Looking around the room, he could pick out certain interesting details. A few things hung from the walls to decorate the space, but mostly the pots and pans that were used for cooking hung around the room. There were dried flowers arranged on one wall with a small silver figurine below them, sitting on a cabinet in which they kept plates and utensils. A few candles sat around the room, used when the day was short but the workday was long and meals were taken after there was not enough light to see clearly in the forge. And to the left of said cabinet, sitting on the floor was a box full of odd jumble of metal. He’d seen them before and knew they were blacksmith’s puzzles. Master Kemryn played with them every once and a while, as did Ossian the older apprentice.

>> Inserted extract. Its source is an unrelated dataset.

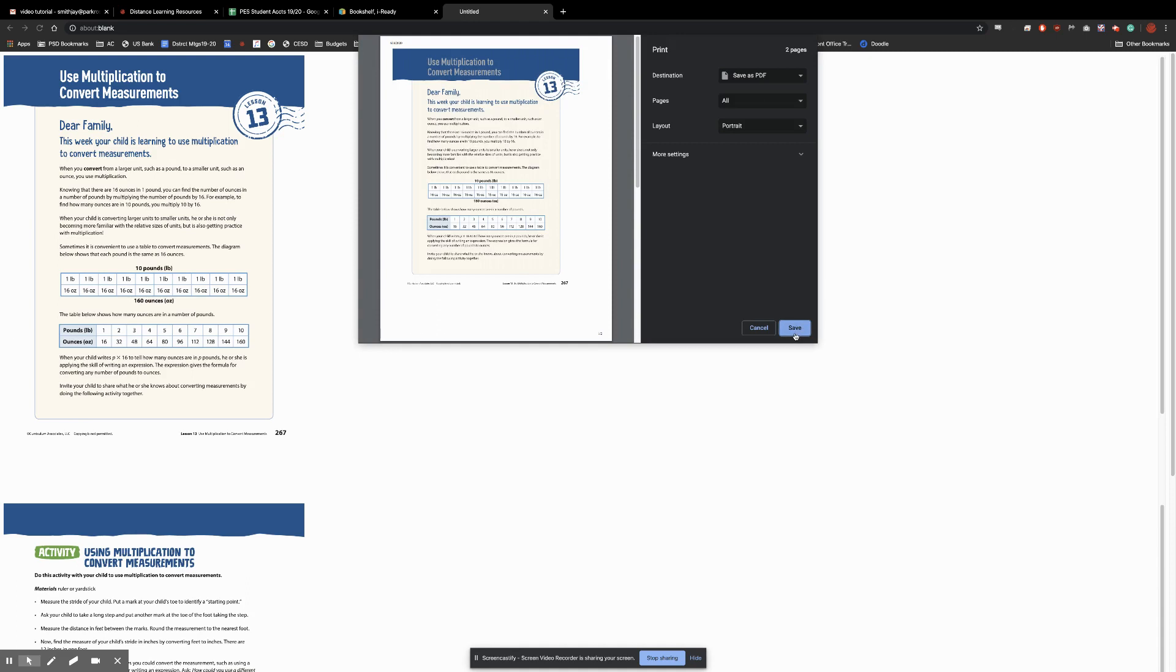This might look a little different on a PC, but it will work the same. And then you'll be able to choose, after you click this, it will open a dialog window, allowing you to choose where you would like it saved.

Getting up from his chair, he went over and picked up three of the puzzles. He would try his luck with them, seeing if he could get them to yield to his manipulations. The first one slid apart easily. It must’ve been a beginner’s piece, so Phineas jumbled the pieces back together and set it aside. The second and third one proved be a bit more challenging, but they gave way after a concerted effort on Phineas’s part. Slowly, Phienas worked his way through the box of puzzles. He would take two or three of them at a time, focusing on each piece and puzzling out how they all fit together. There were a few that stumped him or were taking longer than he wanted. He placed those neatly in one pile to be considered later.

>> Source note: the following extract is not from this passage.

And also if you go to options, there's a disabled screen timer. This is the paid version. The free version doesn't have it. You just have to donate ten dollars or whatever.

In the end, it wasn’t until there were no more puzzles in the box that Phineas realized how much time he’d spent at the kitchen table. The cool evening air blew through the kitchen, and he could hear cheers from the men outside. Apparently, they were able to fix the forge today, so tomorrow he would get back to work. The majority of the puzzles sat in the solved pile, having come apart and being put back together. Only thirteen puzzles sat in the unsolved pile, and Phineas looked at them longingly. They were the ones that he wished he had time to finish, but he didn’t have the time. WIth the sun fading, he needed to light the candles and draw water for dinner’s preparations. Looking out the window, he saw Cymon coming back towards the house. Not wanting to be taunted for spending an afternoon solving puzzles, Phineas threw them all back in the box, placing the unsolved thirteen on the top. If he had time, he would solve them as he could.

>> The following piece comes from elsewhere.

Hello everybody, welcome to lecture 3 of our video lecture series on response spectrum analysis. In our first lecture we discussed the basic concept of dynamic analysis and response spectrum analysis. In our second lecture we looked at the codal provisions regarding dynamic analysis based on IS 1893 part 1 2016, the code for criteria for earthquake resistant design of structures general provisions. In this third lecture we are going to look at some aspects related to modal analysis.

It would be another three years before Phineas had the time to sit and study the puzzles. He eventually started taking one from the box up to his rooms and working on it over time. The thirteen puzzles slowly yielded their secrets to him, and he developed an understanding for how pieces fit together as they did. His work in the Forge improved too with his solving the puzzles. He was able to see all of the pieces of an item, to understand how they all needed to be placed in order to make whatever they were creating work. When he became friends with Cymon, he shared the secret of his success, and the other apprentice picked up the puzzles. Master Kemryn watched them do so with a knowing smile on his face. Phineas grew in his skill as a blacksmith, tapping into some part of him that was meant to understand how pieces fit together.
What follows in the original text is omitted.